How to dress for Kazakhstan’s frozen winters

How to dress for Kazakhstan’s frozen winters

While lounging around last week in the Malaysian heat and air conditioning, I enjoyed watching Disney’s Frozen. The cold weather! Cold in any language!

Because, as in the lovely Between Shades of Gray, any fictional description of cold resonates with me right now. The frosty eyelashes. The wind-stilled faces. The freezing fingers. (The last book I tried to write for the kids in my library was about a snow dragon). And it’s -25 C (-13 F) outside as I write. From inside. With coffee in hand.

Right now I live in Astana, Kazakhstan, site of former Stalinist prison camps on the south Siberian steppe. That sounds quite grim, but it’s actually a lovely and lively city (see here for pics).  And it has me entertained to see the bustle across the American midwest as they prepare for severe cold and snowstorms.

Winter Wear

Winter Snow Gear for Astana

But on facebook, my mom’s friends are right – I have better gear than they do to weather the snow. My strategy, here, is: warm fur-lined boots and woolen socks. A down-lined coat with furry hood. Lined leggings and some type of light cardigan. A scarf to cover my chin and nose. A Yaktrax if it’s slippery outside (one works better than two, in case you need to traverse smooth pavement).

At -32 F the other day, I walked for about 15 minutes before my legs started to prickle with frost.  The only downside was mascara dripping from my face when the ice melted as I stepped inside (!), and the evident need for a second full layer of leggings. The really styling ladies, though, do it all in long mink coats with high-heeled boots (news article):

Fur coats in Vladivostok (credits/click for lovely post by Sweetridgesisters)

Enjoying the Weather

But however you do it, it is possible to go for a walk in extreme cold weather, if you’ve the clothes to bundle up warmly!
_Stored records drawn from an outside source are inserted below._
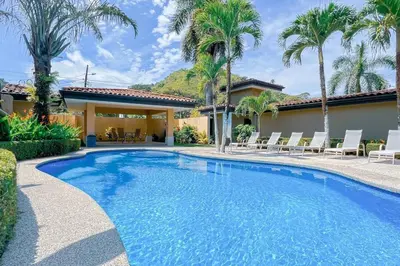a swimming pool in front of a house with palm trees at Condo Las Brisas near to Marina Herradura, free Pool and wifi in Herradura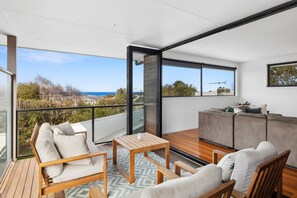 Bi-fold doors and expansive windows integrate indoor comfort with outdoor living
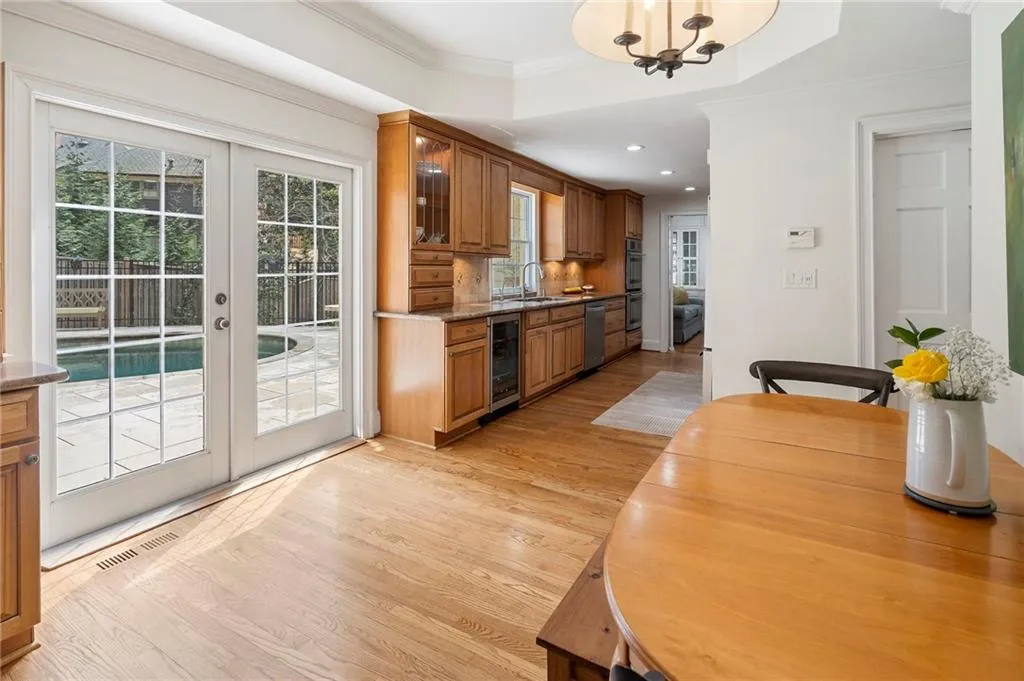 Dining room with french doors, light wood-style floors, beverage cooler, crown molding, and hanging lights
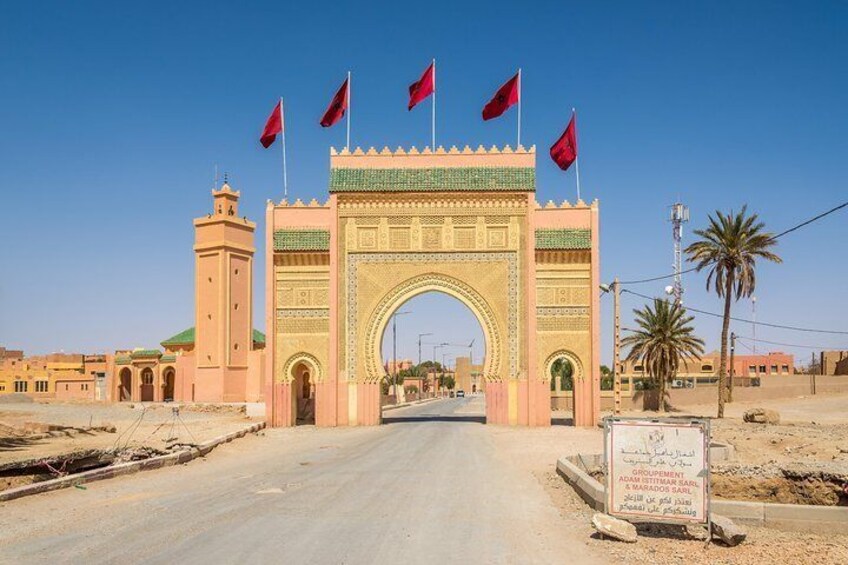A large archway with multiple flags, a road leading through it, and a signboard in the foreground. 4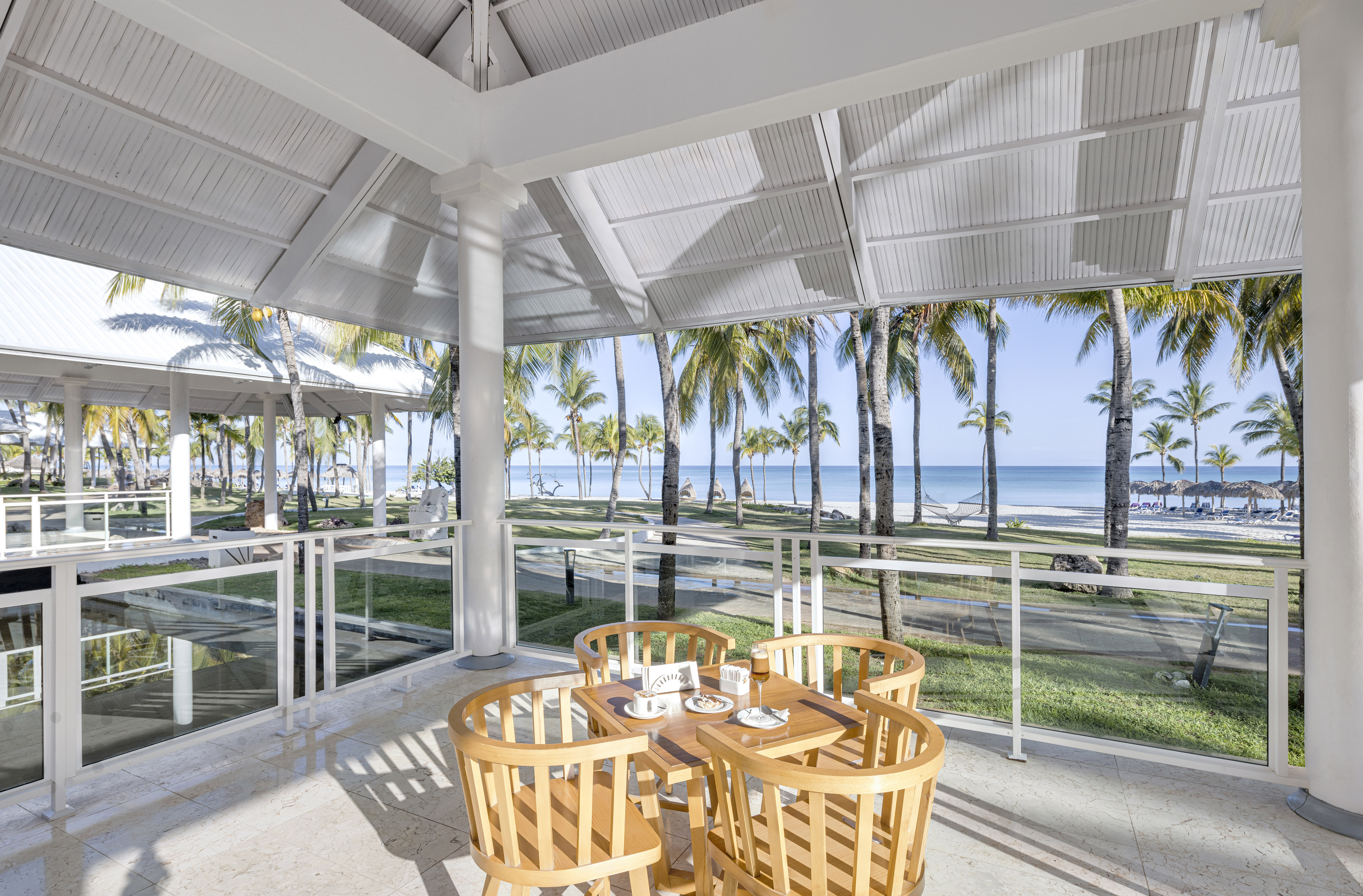 a table and chairs on a patio with a view of the ocean and trees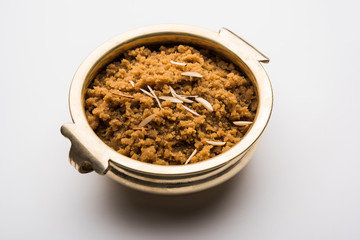 Wheat flour Halwa or Shira /  Atte ka Halva, Popular healthy dessert or breakfast menu from India. served in a bowl or plate. selective focus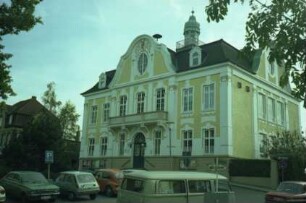 Paul-von-Schoenaich-Straße 14: Rathaus: Straßenfront: Mittelrisalit mit geschweiftem Giebel, über rundem Giebelfenster Giebelfeld mit Wappen: Freitreppe, Eingangsportal, Balkon: rechts Seitenfront zu Bergstraße: oben Dachreiter mit umlaufender Galerie, Sirene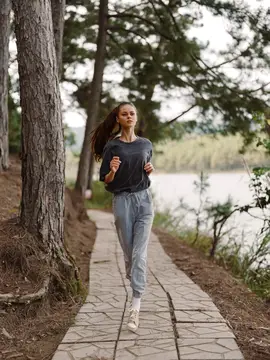 Спортивная женщина в повседневной спортивной одежде наслаждается пробежкой на свежем воздухе по живописному маршруту вдоль озера, что подчеркивает темы здоровья и хорошего самочувствия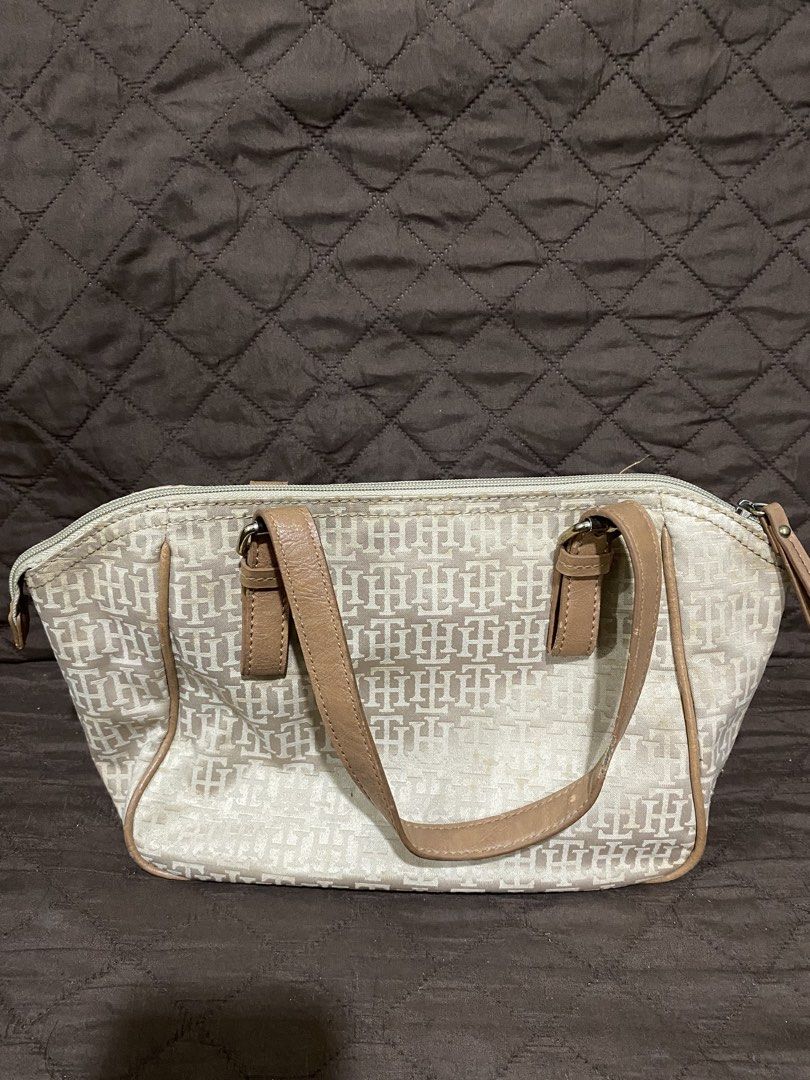 Tommy Hilfiger Monogram Canvas & Leather Trimmed Handbag (Category: Luxury Bags & Wallets) located in Manila. Submitted by divinemercy_29 (Listing ID 1463795021, Image 2). Description: - Authentic Tommy Hilfiger monogram canvas handbag - Stylish tan leather trim and handles - Secure zipper closure - Interior features one zippered pocket and two slip pockets - Spacious and ideal for everyday essentials.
Below, children and parents enjoy sledding from the riverbanks onto the frozen Ishim river. (In the distance, still specks are the men ice-fishing under plastic coverings…)


  1. It’s funny to contrast these scenes of “cold” with what we have in Pondicherry–which is one of those sites that raises the question “what is cold” in so much cultural detail We probably have a thousand words for hot, indeed, but maybe also as many for cold–which we know far less intimately, but fear far more. Wish I had a picture to share of folks in sweaters and scarves and camo-earmuffs (yes), which make up the season’s attire.. although it’s never really much cooler than light sweater weather, to use another cultural category to mark “cold.” 😉

    1. Cee

      So true! I’d love to see the picture of camo-earmuffs! I’d also find it interesting how one’s place in society determines the cold. I’m thinking of chilly weather in Texas where young men staunchly wear their shorts and t-shirts, & even of others who insist they ‘aren’t cold’ when it seems like they very much should be.